In the recent quarter, Panera unveiled its “no no list” cataloging the more than 150 artificial additives it is removing from its bakery-cafes.

Panera Bread

One-year stock performance: Up 39%

Most recent results: Net income at St. Louis-based Panera Bread in the second quarter ended June 30 fell 15% to $41,929,000. Revenues increased 7% to $676,657,000 behind strength at company-owned cafes.

Keep it simple: During the quarter, Panera unveiled its “no no list” cataloging the more than 150 artificial additives it is removing from its bakery-cafes. Ron Shaich, founder, chairman and chief executive officer, called the list “a transparent line in the sand intended to ensure customers that they can count on Panera for food that is free of artificial colors, flavors, preservatives and sweeteners.”
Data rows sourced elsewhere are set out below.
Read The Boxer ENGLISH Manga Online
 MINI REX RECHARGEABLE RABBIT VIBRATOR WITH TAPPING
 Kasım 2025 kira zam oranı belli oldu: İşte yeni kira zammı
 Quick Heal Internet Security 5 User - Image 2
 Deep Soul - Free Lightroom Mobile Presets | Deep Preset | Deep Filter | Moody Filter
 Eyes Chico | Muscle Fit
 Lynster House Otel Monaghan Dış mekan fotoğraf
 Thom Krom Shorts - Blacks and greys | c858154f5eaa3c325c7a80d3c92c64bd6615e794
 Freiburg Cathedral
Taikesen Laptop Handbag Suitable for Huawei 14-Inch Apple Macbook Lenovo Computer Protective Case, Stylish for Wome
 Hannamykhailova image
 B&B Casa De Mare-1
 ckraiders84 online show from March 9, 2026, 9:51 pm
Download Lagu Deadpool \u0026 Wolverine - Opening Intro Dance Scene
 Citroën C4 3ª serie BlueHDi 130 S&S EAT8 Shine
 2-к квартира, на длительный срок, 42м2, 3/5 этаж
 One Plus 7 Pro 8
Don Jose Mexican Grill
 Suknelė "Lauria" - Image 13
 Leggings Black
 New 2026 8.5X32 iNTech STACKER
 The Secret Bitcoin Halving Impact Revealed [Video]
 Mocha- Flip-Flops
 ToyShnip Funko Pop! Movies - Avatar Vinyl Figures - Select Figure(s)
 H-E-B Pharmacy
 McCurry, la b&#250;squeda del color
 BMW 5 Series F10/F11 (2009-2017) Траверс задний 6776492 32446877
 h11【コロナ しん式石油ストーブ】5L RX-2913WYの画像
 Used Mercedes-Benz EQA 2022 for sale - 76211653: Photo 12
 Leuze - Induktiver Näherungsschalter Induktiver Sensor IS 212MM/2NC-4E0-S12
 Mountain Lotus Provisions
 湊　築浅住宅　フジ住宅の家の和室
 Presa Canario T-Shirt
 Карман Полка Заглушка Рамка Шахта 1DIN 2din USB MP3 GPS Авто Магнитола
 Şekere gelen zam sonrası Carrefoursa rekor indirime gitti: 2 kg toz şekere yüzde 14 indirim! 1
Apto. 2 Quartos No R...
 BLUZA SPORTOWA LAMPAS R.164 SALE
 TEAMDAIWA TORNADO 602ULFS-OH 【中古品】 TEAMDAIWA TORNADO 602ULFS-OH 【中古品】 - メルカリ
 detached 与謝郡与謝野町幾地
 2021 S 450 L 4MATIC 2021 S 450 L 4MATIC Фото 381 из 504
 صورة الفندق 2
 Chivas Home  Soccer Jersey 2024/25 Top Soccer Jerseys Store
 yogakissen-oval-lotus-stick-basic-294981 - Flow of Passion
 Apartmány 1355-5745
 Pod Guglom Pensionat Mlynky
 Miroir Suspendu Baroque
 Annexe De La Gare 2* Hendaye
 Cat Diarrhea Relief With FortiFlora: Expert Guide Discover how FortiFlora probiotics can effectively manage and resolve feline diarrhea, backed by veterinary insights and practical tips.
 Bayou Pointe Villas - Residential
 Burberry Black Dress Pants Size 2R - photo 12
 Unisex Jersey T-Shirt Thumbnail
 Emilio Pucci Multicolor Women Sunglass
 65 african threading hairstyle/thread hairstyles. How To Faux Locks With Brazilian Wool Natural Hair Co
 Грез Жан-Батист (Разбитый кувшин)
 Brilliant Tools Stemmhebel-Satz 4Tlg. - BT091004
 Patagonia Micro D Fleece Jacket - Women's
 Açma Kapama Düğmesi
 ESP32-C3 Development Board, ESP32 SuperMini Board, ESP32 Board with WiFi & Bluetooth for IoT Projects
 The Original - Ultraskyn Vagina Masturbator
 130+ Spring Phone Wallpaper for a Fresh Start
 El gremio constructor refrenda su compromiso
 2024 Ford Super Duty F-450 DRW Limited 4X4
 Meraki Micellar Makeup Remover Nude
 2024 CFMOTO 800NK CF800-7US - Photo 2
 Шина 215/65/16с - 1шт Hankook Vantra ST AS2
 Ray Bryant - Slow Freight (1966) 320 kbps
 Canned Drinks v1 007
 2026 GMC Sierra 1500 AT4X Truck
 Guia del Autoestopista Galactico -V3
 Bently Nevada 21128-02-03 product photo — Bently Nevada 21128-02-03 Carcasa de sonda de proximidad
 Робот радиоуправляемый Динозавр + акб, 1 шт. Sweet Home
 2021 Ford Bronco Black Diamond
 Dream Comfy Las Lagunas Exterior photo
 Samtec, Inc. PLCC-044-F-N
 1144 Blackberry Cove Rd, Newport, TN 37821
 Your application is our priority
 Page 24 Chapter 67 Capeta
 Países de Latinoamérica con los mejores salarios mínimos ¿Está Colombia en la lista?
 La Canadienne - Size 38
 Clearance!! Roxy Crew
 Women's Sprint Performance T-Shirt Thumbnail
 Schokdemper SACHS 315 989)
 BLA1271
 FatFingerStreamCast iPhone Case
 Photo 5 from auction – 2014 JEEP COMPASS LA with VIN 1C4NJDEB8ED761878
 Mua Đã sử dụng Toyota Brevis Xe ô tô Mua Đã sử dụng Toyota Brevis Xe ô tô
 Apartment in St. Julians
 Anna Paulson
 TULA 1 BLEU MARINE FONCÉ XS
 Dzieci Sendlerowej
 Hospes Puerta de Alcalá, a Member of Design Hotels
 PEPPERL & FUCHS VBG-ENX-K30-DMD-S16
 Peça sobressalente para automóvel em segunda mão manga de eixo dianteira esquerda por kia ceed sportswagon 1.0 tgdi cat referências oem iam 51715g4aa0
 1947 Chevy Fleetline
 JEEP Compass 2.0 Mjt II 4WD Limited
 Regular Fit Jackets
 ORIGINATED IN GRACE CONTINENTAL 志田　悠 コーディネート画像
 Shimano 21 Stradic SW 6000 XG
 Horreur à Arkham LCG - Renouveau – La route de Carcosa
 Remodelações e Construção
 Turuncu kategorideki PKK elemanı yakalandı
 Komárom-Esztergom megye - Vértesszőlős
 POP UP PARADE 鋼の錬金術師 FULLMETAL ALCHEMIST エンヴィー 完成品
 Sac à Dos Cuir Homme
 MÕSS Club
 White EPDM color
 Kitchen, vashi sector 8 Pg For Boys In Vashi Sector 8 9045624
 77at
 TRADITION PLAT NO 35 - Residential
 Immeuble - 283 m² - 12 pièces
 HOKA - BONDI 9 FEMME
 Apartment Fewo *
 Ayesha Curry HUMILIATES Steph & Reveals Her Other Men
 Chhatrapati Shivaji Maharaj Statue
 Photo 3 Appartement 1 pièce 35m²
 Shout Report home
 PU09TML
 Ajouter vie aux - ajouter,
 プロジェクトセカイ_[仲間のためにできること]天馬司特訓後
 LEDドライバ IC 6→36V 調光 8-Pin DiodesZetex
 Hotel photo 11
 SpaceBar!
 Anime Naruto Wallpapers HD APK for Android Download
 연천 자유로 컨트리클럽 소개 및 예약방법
Panera 2.0: Introduced last year as a strategic effort to enhance the experience for dine-in and to-go customers, Panera 2.0 is enabled by technology and operational improvements designed to keep up with high transaction volumes and to deliver “unrestrained production demand,” according to Panera. The individual elements of Panera 2.0 include web, mobile, kiosk and e-commerce ordering; new operational systems; extra labor; deliver-to-the-table service; and “the wall,” a wall that was added to certain cafes to close off the back of the house to support Panera’s equipment needs.